Since the 1920s, cemented carbides – primarily made from an alloy of carbide, usually tungsten, and cobalt – have been the material of choice for inserts. And the ratio between the carbide and cobalt can be best understood as a compromise between toughness, or resistance to chipping and fracturing, and hardness, or the ability to resist wear and maintain an edge. The more cobalt, the greater the toughness; the more carbide, the greater the hardness.
Furthermore, many grades feature additional materials. For example, steels require much greater hardness, especially at high temperatures, and cubic carbides such as titanium carbide, tantalum carbide and/or niobium carbide can improve chemical stability or grain-size control to achieve that goal at the cost of reduced toughness. But for greater customization, inserts require coatings, most of which arose in the 1970s in order to further increase chemical stability and surface hardness.
In contemporary machining of ferrous materials, uncoated inserts have become rare. Instead, manufacturers opt to use a variety of coatings to achieve greater material removal rates. For thick coatings that include aluminum oxide (Al2O3), chemical vapor deposition (CVD) creates highly wear-resistant inserts at the expense of toughness; physical vapor deposition (PVD) creates thinner coatings such as titanium aluminum nitride (TiAlN) that maintain inserts’ edge strength and smoothness at the cost of providing somewhat less protection from wear and cratering.

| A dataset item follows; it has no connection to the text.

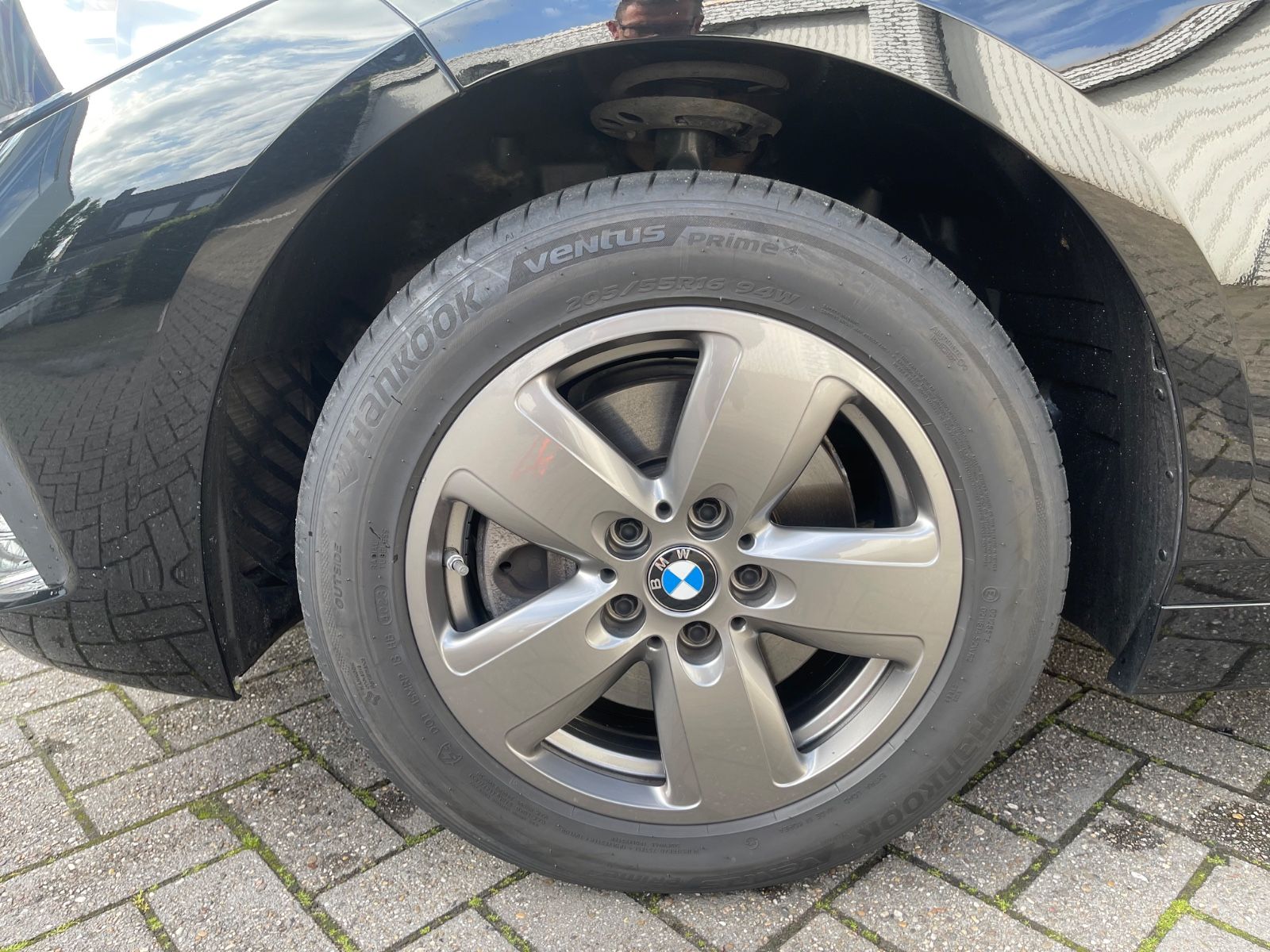 Fahrzeugabbildung BMW 116 i Limousine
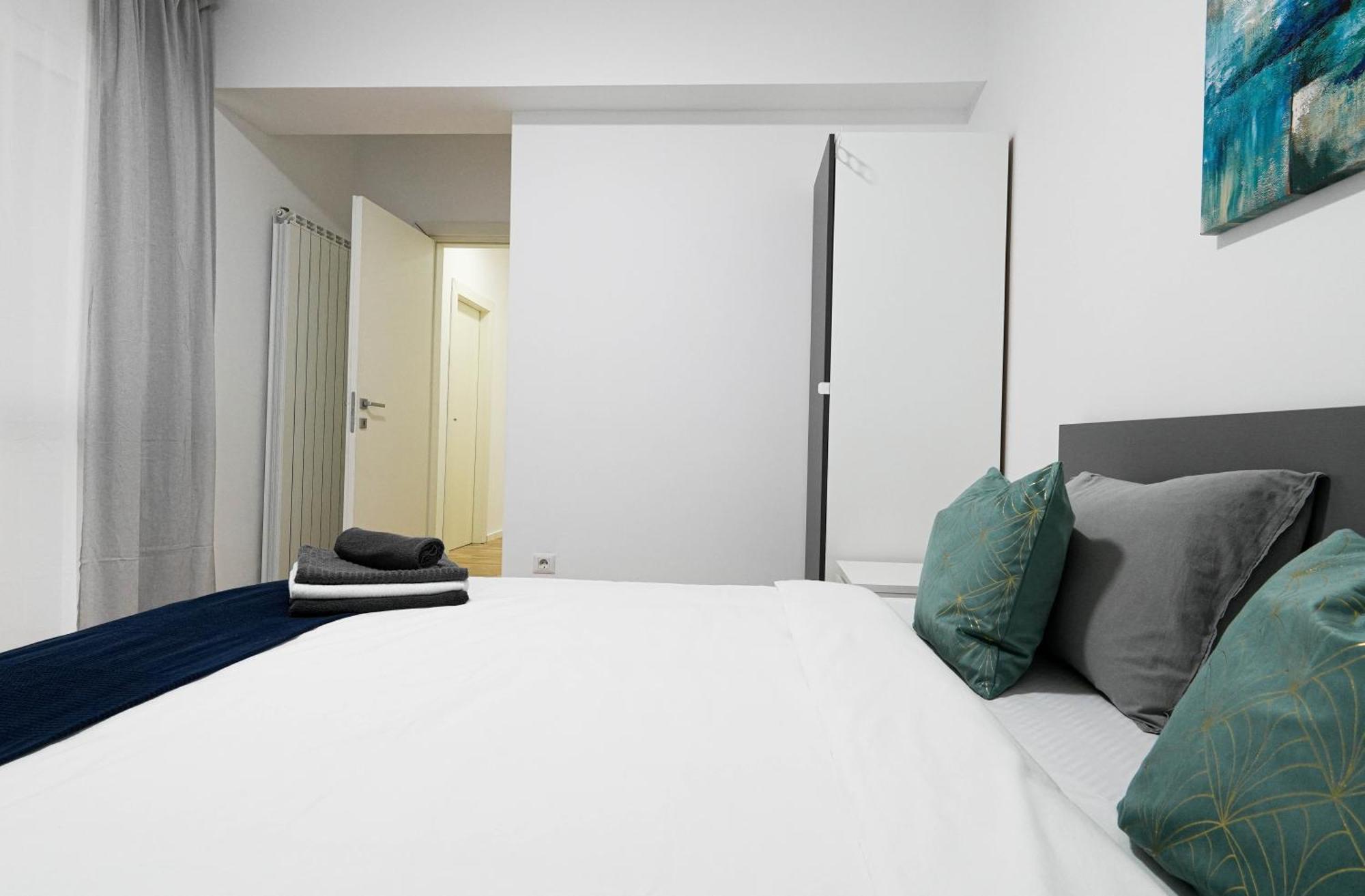 Gabi - Chic Apt With Parking Close To Veranda Mall Bukarest Exterior foto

Some grades, such as those produced with Seco’s DURATOMIC™ coating process, have additional features that positively affect machining. DURATOMIC involves an a-based Al2O3 coating with uniquely arranged aluminum and oxygen atoms. This so-called “textured coating” produces a grade with improved mechanical properties and greater thermal and chemical inertness without a significant loss of hardness.

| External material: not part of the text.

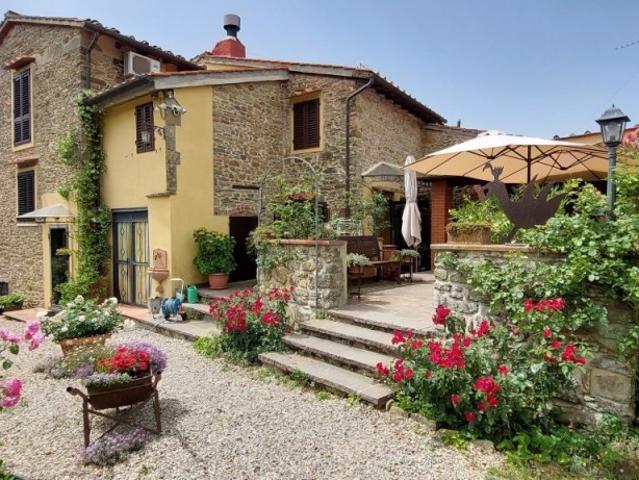 Villa Indipendente in vendita a Vicchio, Toscana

Other grades dispense with cemented carbide altogether. Cermet, a material with excellent build-up resistance produced by combining metals and ceramics, is ideal for creating high-quality surface finishes in stainless steels despite being somewhat less tough overall than coated carbides. Likewise, pure ceramics, polycrystalline cubic boron nitrides, polycrystalline diamond and diamond coatings have numerous advantages over typical cutting tool materials, but have alternate requirements that may interfere with upstream or downstream processes within the entire manufacturing cycle.